**ABOUT THIS EXERCISE**
Return, word for word, only the lines of the data below that lie between the line with "Vidaxl regendouchekop rechthoekig" and the line with "christmas bride teddy by leafy", those two lines included.

**STUDY MATERIAL**
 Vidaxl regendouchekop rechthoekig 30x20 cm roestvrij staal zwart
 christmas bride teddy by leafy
==
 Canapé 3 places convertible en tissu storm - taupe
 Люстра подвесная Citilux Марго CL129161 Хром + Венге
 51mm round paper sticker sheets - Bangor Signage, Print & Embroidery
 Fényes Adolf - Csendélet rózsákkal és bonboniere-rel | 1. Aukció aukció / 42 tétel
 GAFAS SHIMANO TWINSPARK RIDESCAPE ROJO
--
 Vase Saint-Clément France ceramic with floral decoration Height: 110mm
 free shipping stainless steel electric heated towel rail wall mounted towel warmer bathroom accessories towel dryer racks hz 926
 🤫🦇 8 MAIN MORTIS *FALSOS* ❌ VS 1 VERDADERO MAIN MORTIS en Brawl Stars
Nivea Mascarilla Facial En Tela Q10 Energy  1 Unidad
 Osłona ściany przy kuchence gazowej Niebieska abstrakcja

**RESPONSE**
 Vidaxl regendouchekop rechthoekig 30x20 cm roestvrij staal zwart
 christmas bride teddy by leafy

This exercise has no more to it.